I do have to respectfully disagree with you in that It does matter to me where it comes from because there are professionals who can re-train the brain and certain of parts of its functions. I know this with a great deal of certainty. I have been through the process of re-training the brain which in turn effects the other parts of our bodies. Legs can be re-trained. Arms and fingers. Our eyes and ears can be re-trained.
So to tell someone it doesnt matter to them where is comes from seems to me to take away our right to know and satisfy our interest or curiousity and limits our ability to work with the brain in a more specialized capacity.
I would also caution you that although your approach was humourous and very intelligent, Answering a question such as mine in the way you did, is not as helpful as you might think, simply, because if you understood Conversion Disorder as well as I do, you would understand that we have cognitive deficits when it comes in interpeting incoming stimulus. Add ADD on top of that and with the effects of Chemo. It is very important that Conversion reaction patients recieve simple to understand answers. With all do respect, if you understood Conversion Disorder as well as you claim, you would have known that. I had to read your post three times before I was able to understand what you meant by all that. Four years ago, before my reaction emerged, I would have had no problem understanding you words the first time around. Our cognitive ability to understand and interpet concepts is compromised with conversion reaction.
All this said, I still appreciate your humor and wit and don't stop being you. But please beware of individuals abilities to interpet abstract explainations. We are not all created equal.
With Respect,
Sammie
"I have severe Conversion Disorder and am wondering where in the brain does this occur. If it is a motor sensory problem, does that mean it is everywhere in the brain or a generalized location, like the brain stem or some thing. Obviously it is a central nervous system problem but can it be pinpointed to a certain area?"
________________________________________________________________________
Tami,
What part of the brain does conversion hysteria target?
Answer: Any part of it that you are able to conjure up. From a physiological standpoint, hysteria doesn't target any part of the brain. Hysteria is not organic disease. Thus, if you were to undergo an extensive work-up consisting of a brain MRI w/ contrast, an EEG, or an EMG, they would all be normal. There would be a complete lack of physical findings, as there simply are none.

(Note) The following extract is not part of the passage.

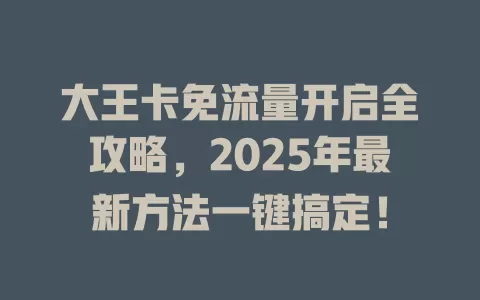 大王卡免流量开启全攻略，2025年最新方法一键搞定！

It's all pseudo, and stems from a far more complex source - the human psyche...
The etiology of conversion hysteria is dissociation, a process whereby specific internal mental contents (memories, ideas, feelings, perceptions) are lost to conscious awareness, and thus, become unavailable to voluntary recall.
Though unconscious, these mental contents can be recovered under special circumstances (dreams or in a hypnotic trance). They are able to affect an individual's awareness and behavior in a variety of ways through fugue or amnesia states, or through converted symptoms (paralysis of a limb, blindness, mutism, psychogenic seizures, etc).
All of the physical symptoms are psuedo, are not real, and they cannot harm you.
Conversion is actually a defensive mechanism, providing for the banishment of anxiety-provoking, painful, unpleasant mental contents from consciousness. However, the individual becomes subject to the unconscious substitution of hysterical symptoms (noted above).
That's what separates conversion disorder from an anxiety disorder. When the physical symptoms manifest (or when they are converted unconsciously), anxiety is relieved in the case of conversion disorder, and the person is indifferent to them (not phased by them). By comparison, physical symptoms provoke anxiety in true anxiety states, or anxiety induces physical symptoms which further fuels the anxiety. Not so in conversion hysteria.
Two more severe manifestations of conversion hysteria that were mentioned above are:
(1) Anterograde Amnesia - Complete loss of memory for all past events spanning a period of several hours (or more severely, several weeks).
(2) Fugue State - Where the individual loses all recollection of his/her past life and any awareness of who he/she is. The typical person travels far from home, begins a new occupation with a new idenity being completely unaware of any change in his/her life. Suddenly, after several days, weeks, or months, the person finally "comes to". Totally amnesic for the period of the fugue, the person recaptures his/her former identity, and greatly distressed, wonders how he/she came to be in such strange surroundings.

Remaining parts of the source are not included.